*ABOUT THIS TASK*:
Repeat each entry word for word. Leave any images out of the copy.
SOURCE DATA Block Start
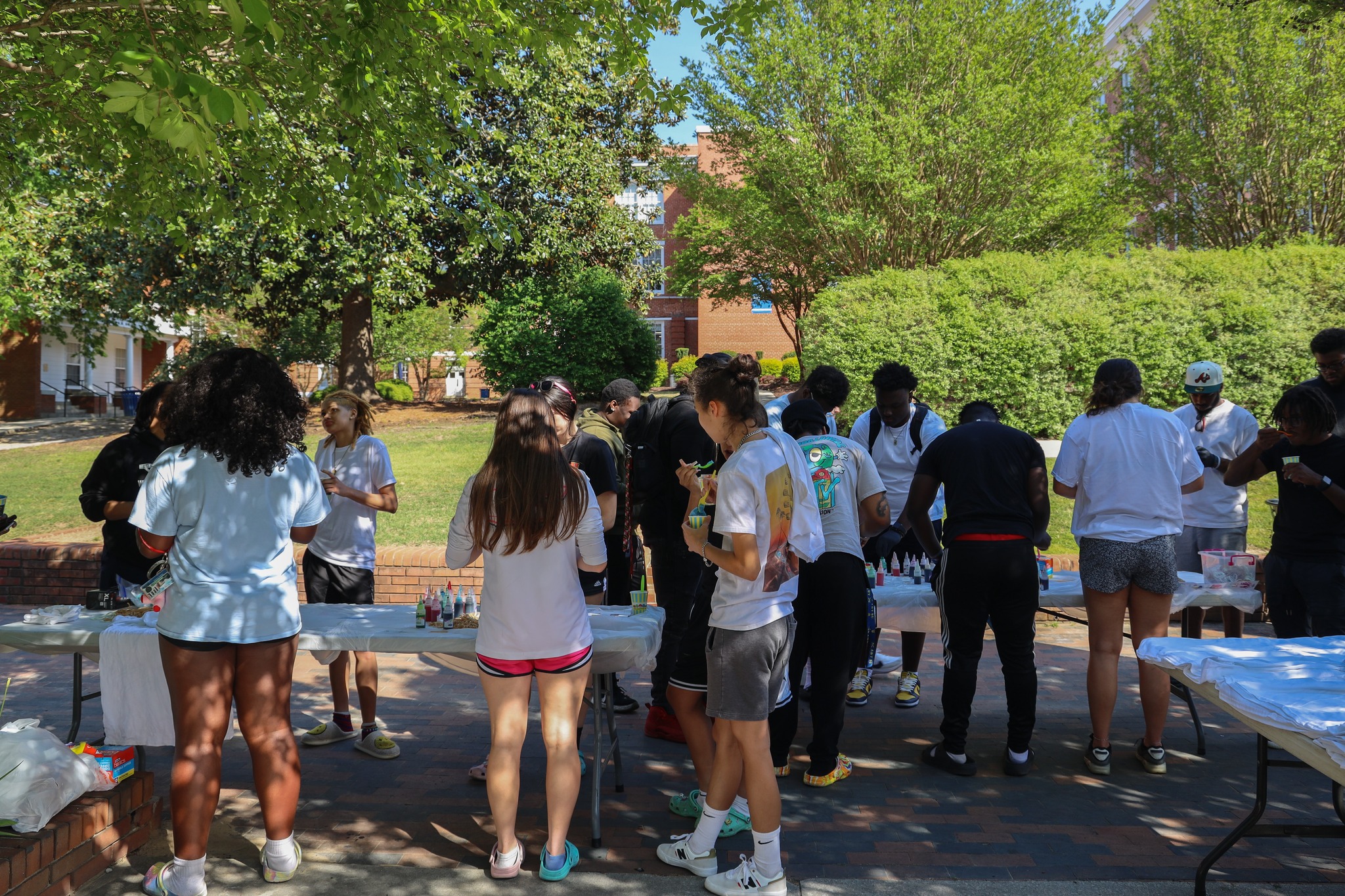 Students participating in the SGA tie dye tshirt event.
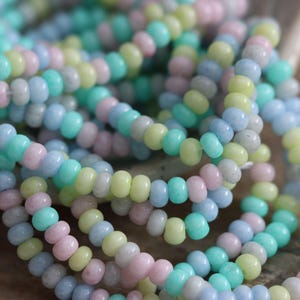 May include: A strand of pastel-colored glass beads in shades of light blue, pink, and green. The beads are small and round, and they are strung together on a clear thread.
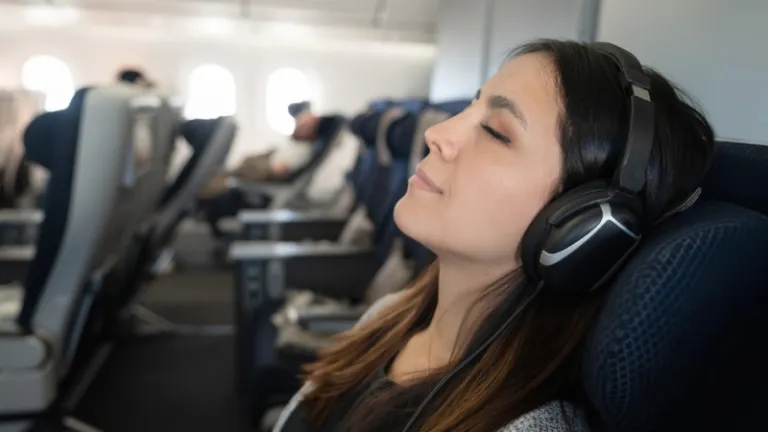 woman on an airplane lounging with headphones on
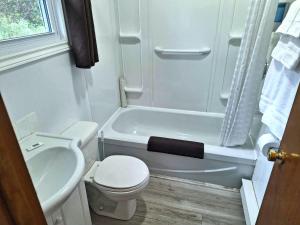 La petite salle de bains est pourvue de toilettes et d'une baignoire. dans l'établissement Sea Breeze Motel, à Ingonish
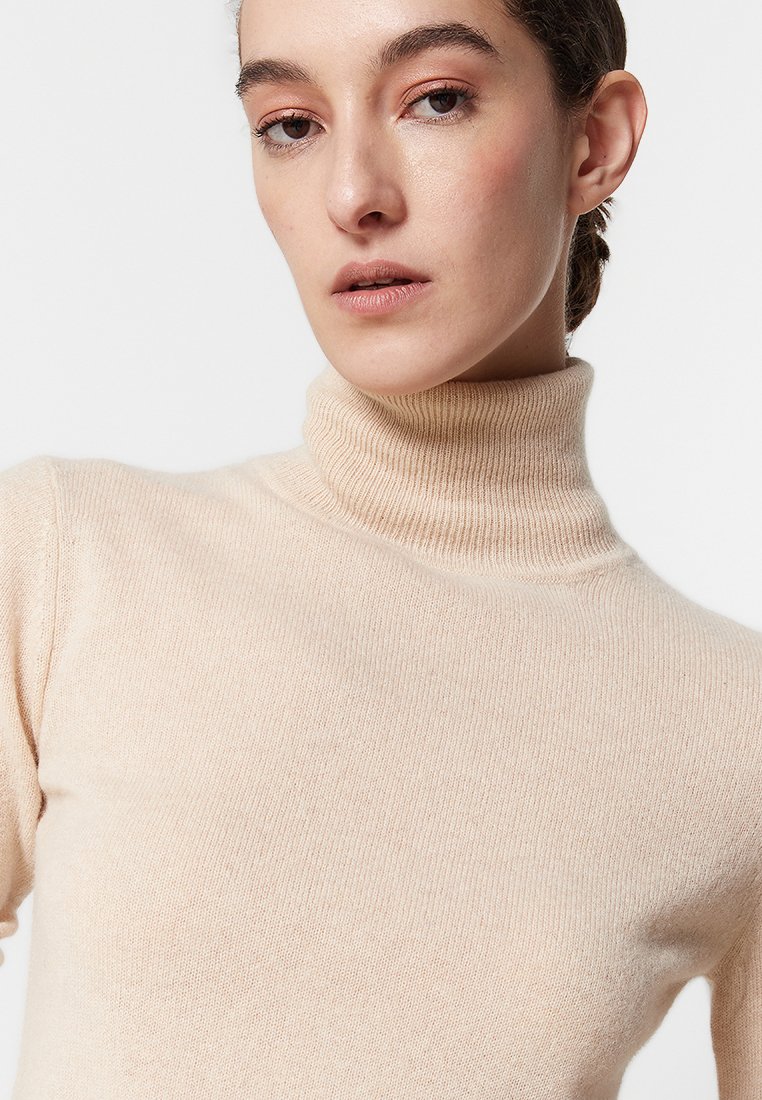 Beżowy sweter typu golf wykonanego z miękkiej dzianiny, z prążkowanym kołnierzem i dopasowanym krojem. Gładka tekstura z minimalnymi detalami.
SOURCE DATA Block End
*EXERCISE RESPONSE*:
 Students participating in the SGA tie dye tshirt event.
 May include: A strand of pastel-colored glass beads in shades of light blue, pink, and green. The beads are small and round, and they are strung together on a clear thread.
 woman on an airplane lounging with headphones on
 La petite salle de bains est pourvue de toilettes et d'une baignoire. dans l'établissement Sea Breeze Motel, à Ingonish
 Beżowy sweter typu golf wykonanego z miękkiej dzianiny, z prążkowanym kołnierzem i dopasowanym krojem. Gładka tekstura z minimalnymi detalami.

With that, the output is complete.